Your assignment: Using the material below, print a verbatim copy of every line from the one containing "Blurred mass of marathon out runners people Blurred" through the one containing "The artist Kent", inclusive, and omit the pictures.

Record excerpts:
○ ○ ○ ○ ○

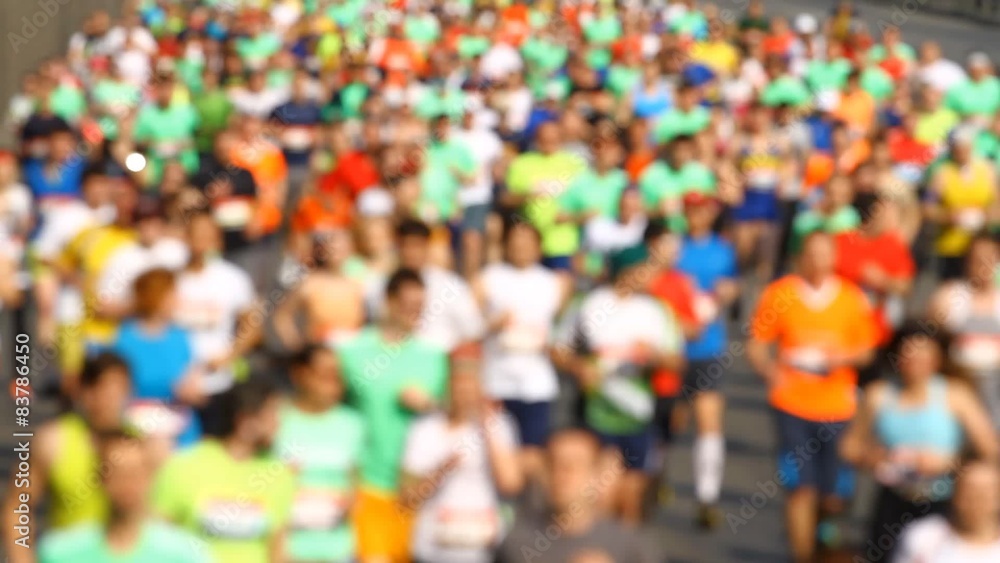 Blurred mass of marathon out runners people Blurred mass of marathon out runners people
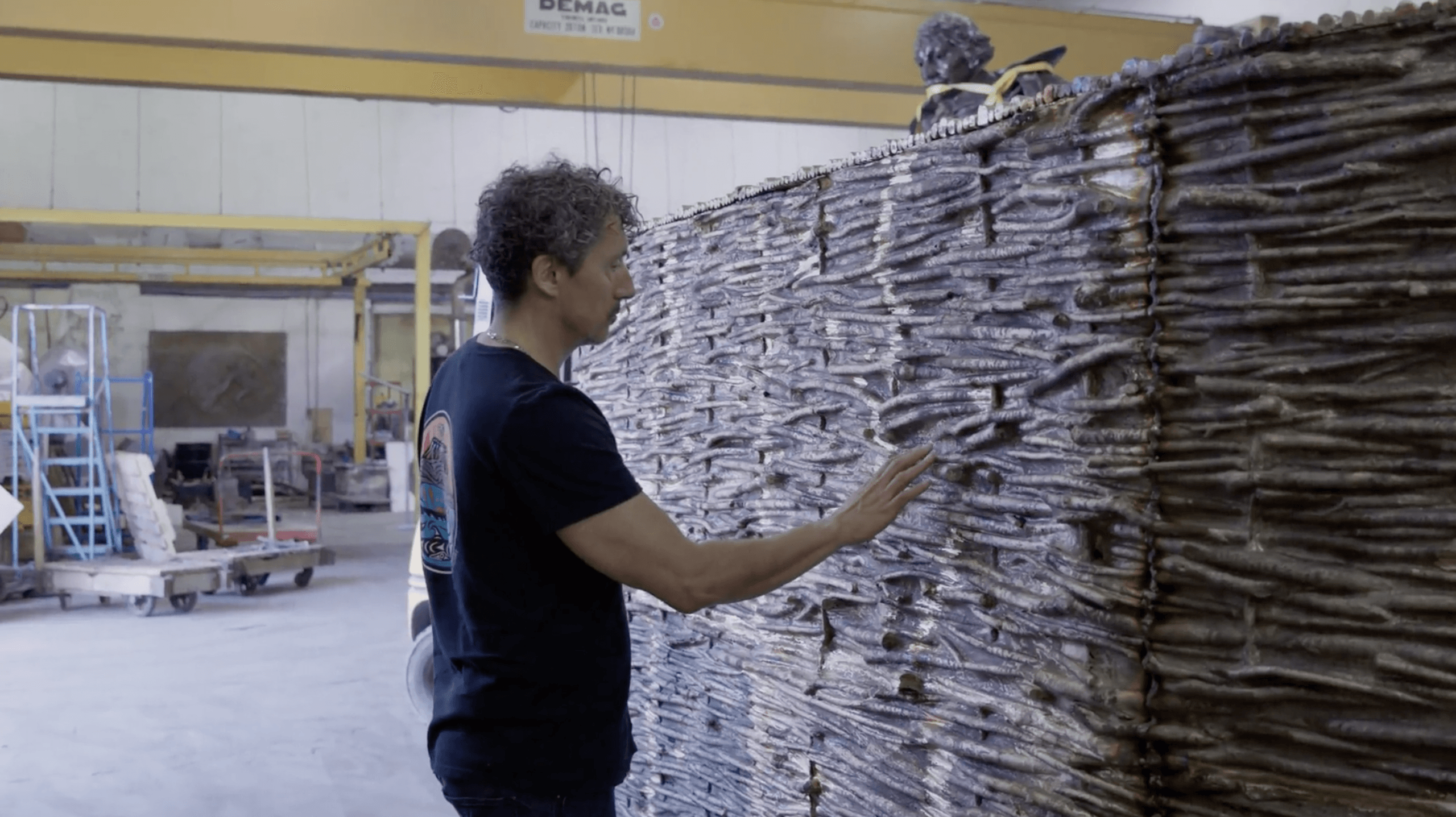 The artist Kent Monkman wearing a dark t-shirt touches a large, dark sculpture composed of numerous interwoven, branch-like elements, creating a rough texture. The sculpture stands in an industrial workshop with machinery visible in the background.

○ ○ ○ ○ ○

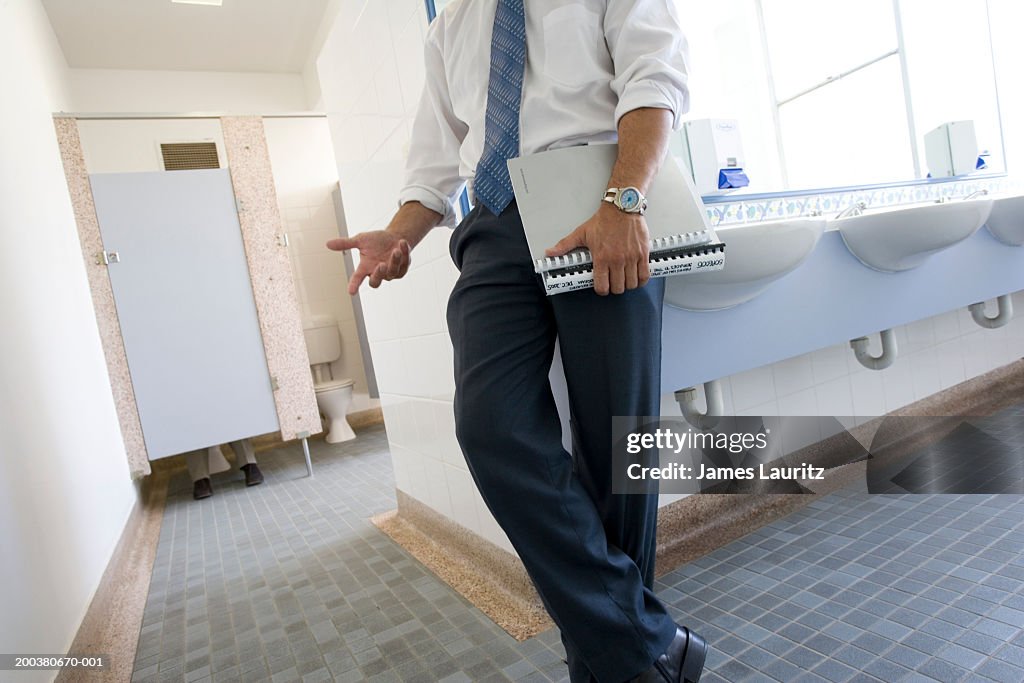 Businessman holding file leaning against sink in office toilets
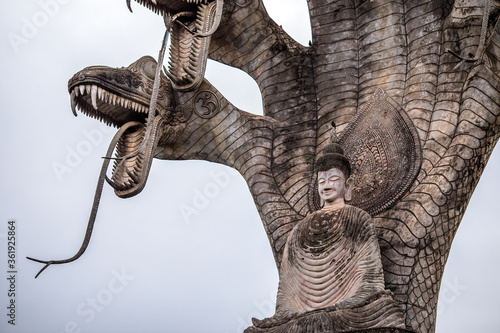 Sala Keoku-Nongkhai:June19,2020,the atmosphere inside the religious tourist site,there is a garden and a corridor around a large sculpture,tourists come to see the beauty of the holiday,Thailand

○ ○ ○ ○ ○

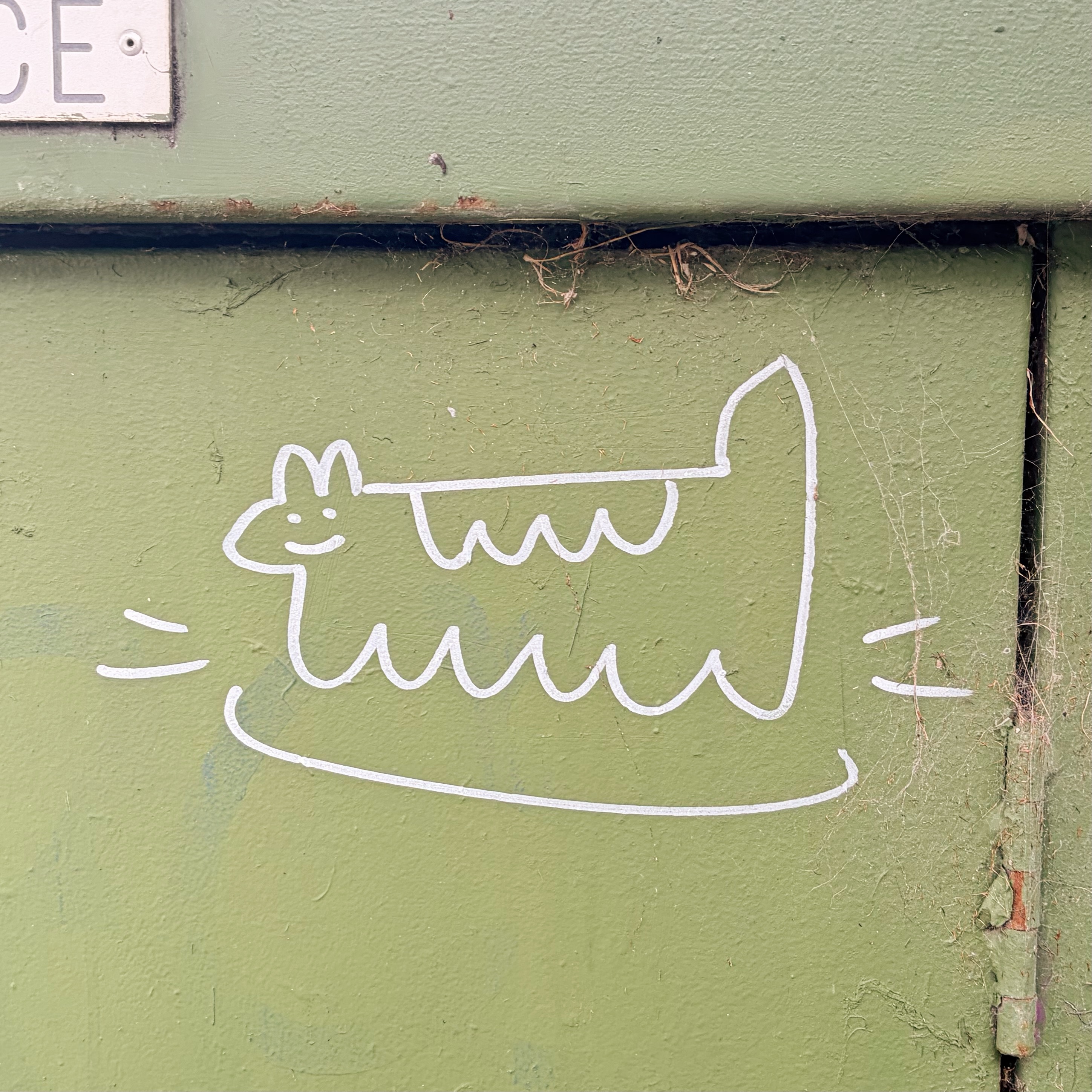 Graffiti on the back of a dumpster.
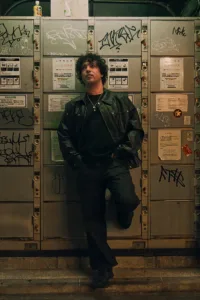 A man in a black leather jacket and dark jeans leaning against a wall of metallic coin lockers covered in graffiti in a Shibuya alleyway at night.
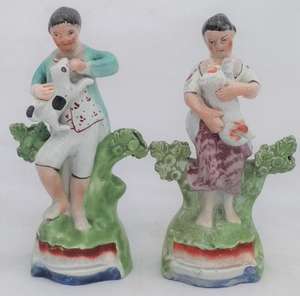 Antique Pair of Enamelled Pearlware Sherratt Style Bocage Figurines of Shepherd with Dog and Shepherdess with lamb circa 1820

○ ○ ○ ○ ○

Solution to this exercise:
 Blurred mass of marathon out runners people Blurred mass of marathon out runners people
 The artist Kent Monkman wearing a dark t-shirt touches a large, dark sculpture composed of numerous interwoven, branch-like elements, creating a rough texture. The sculpture stands in an industrial workshop with machinery visible in the background.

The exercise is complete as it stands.